The measurement of STI >or=10% represents a distinctly important risk factor for patient survival. In particular, clinically high-risk patients with STI >or=10% need further therapy beyond RAI. Original histological pattern, as papillary or follicular, affects the site of recurrence.
在 2004 年世界卫生组织(WHO)分类中,低分化甲状腺癌(PDTC)被认为是甲状腺癌的一种独立的临床组织学实体,与乳头状癌(PTC)和滤泡状癌(FTC)分开。都灵提案为 PDTC 的诊断提供了更具体的标准。然而,在像日本这样的碘充足的国家,PDTC 占所有甲状腺癌的比例<1%。1983 年,Sakamoto 分析了初次手术后 5 年内复发的 PTC 和 FTC 的病理特征,发现实性、小梁状、胰岛(STI)和硬化生长模式是预后不良的重要预测因素。我们重新评估了组织病理学发现对 PTC 和 FTC 临床病程的影响。
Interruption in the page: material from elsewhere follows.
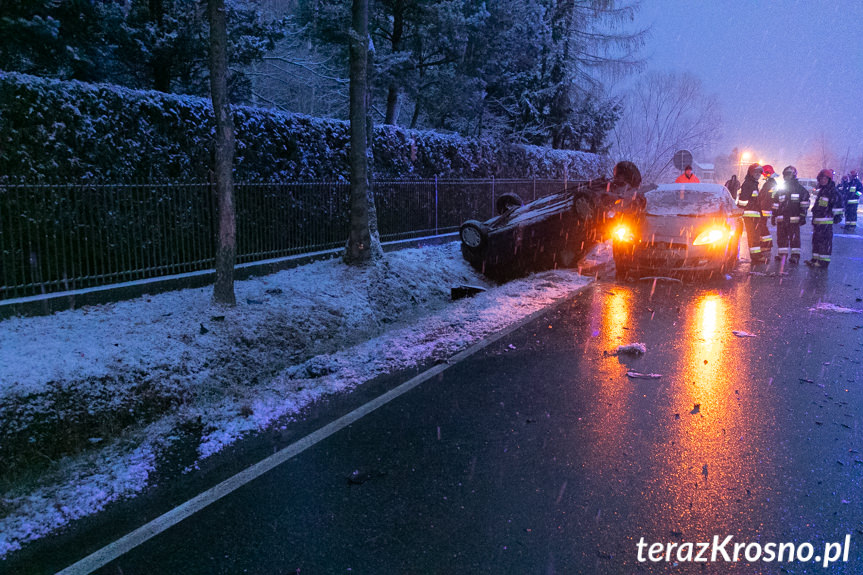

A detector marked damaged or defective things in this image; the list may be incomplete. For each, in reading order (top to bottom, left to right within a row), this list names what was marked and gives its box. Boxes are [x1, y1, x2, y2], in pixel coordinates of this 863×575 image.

回顾了 1994 年至 2001 年间连续诊断为 PTC(n=351)或 FTC(n=25)的 376 例患者的标本。
根据 WHO 标准,9 例(2%)患者被诊断为 PDTC。只有 1 例(0.3%)符合都灵标准。此外,在各种标本中均可见 STI 成分,如下所示:≥50%、≥10%但<50%、>0%但<10%和 0%的标本分别为 9(2%)、31(8%)、19(5%)和 317 例(85%)。就特定病因的生存率而言,≥50%和≥10%但<50%组之间存在显著差异。无病生存率在这两组之间是相同的,并且明显差于>0%但<10%和 0%组。通过多变量分析,STI≥10%和鳞状化生的组织学特征与特定病因的生存率显著相关,但硬化浸润、坏死、核异型性和血管侵犯则不然。STI 水平≥10%的存在也是一个显著的危险因素,与包括肿瘤大小大、淋巴结转移大、远处转移在内的临床危险因素一起。根据 AMES 风险组定义,具有 STI≥10%的临床高危患者的 10 年特定病因生存率最差,为 57%,无论是否进行全甲状腺切除术加放射性碘(RAI)治疗。25 例 PTC 患者中有 10 例(40%)STI≥10%发生颈部复发,而 15 例 FTC 患者中有 9 例(60%)STI≥10%发生远处转移。
STI≥10%的测量代表了一个明显重要的生存风险因素。特别是,具有 STI≥10%的临床高危患者需要除 RAI 以外的进一步治疗。原发组织学模式,如乳头状或滤泡状,影响复发部位。